Why do pinned apps sometimes go to the end of the taskbar, rather than going into the “pinned apps” section of the taskbar?

Raymond Chen

You may have noticed that the apps you’ve pinned to the taskbar are on the left, and the regular apps are on the right.¹ But sometimes, a pinned app goes to the right. Why is that?

There is no “pinned apps” section of the taskbar. The taskbar just has one area for apps, and some of the apps are pinned, and some of the apps are not pinned. Now, it so happens that over time, pinned apps tend to migrate to the left. But that’s an artifact of the behavior of the taskbar, not because there’s a “pinned apps” section.

Let’s see how things turn out the way they do.

First, observe that new apps go at the end.

Second, pinned apps stay on the taskbar even if the app isn’t running.

These two rules together mean that pinned apps will tend to move toward the left: If there is a non-pinned app on the taskbar, it will get closed eventually, and then it loses its spot. When the app is relaunched, it goes back to the end.

Imagine an organization where some members have access to sabbatical leave and others do not. Furthermore, suppose that offices are assigned in seniority order. You end up with all the best offices going to people who have access to sabbatical leave, even though that was never actually written into the rules.

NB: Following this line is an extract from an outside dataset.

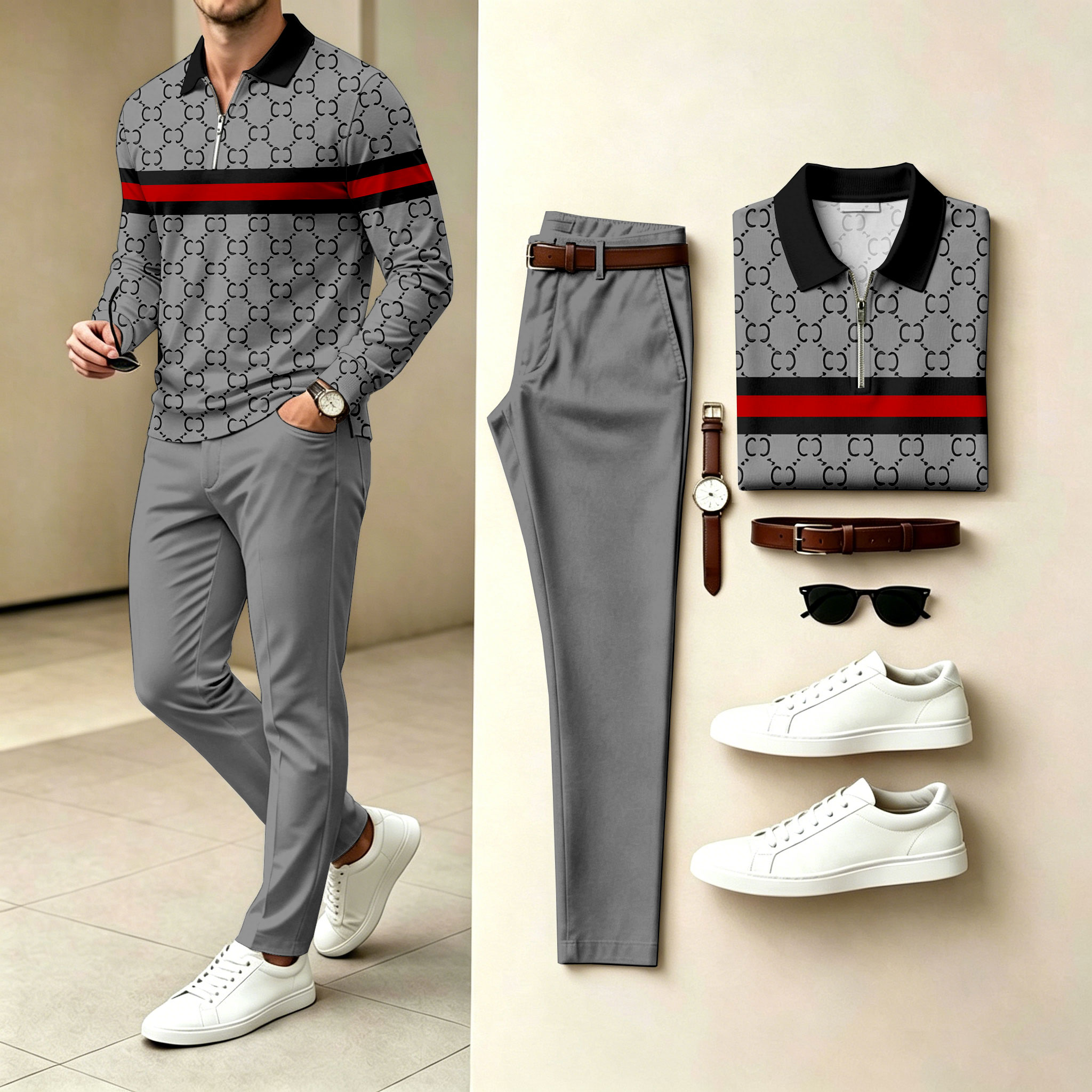 Conjunto de dos piezas Dark Gray Polo-Collar Zipper de manga larga camisa and pantalón para hombre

You get this phenomenon because people with sabbatical leave can take a leave without losing their seniority. Whereas people without access to sabbatical leave have no choice but to resign, and then rejoin the organization later, which puts them back at the bottom of the seniority list.

The “pinned apps” area is an analogous phenomenon: Since pinned apps never lose their place, whereas unpinned apps lose their place when they are closed, you end up with the pinned apps gravitating toward the left.

Once you realize that this is is an emergent behavior, you can easily come up with a way for a pinned app to end up to the right of an unpinned app: The app was originally not pinned, and then you pinned it. Pinning an app does not move it, so it remains where it is, which is near the end of the taskbar.

Of course, as you close unpinned apps that exist to the left of the newly-pinned app, the newly-pinned app will slide left one slot, and over time it will eventually find itself next to the other pinned apps.

But it’s not like there’s a special “pinned apps” section. It’s just that pinned apps tend to have the highest seniority because they never lose their place.

¹ At least, that’s how it is for left-to-right languages. For right-to-left languages, it’s the other way around. More precisely, “You may have noticed that all the apps you’ve pinned to the taskbar are on the side closer to the Start button, and all the regular apps are on the side closer to the notification icons and the clock.”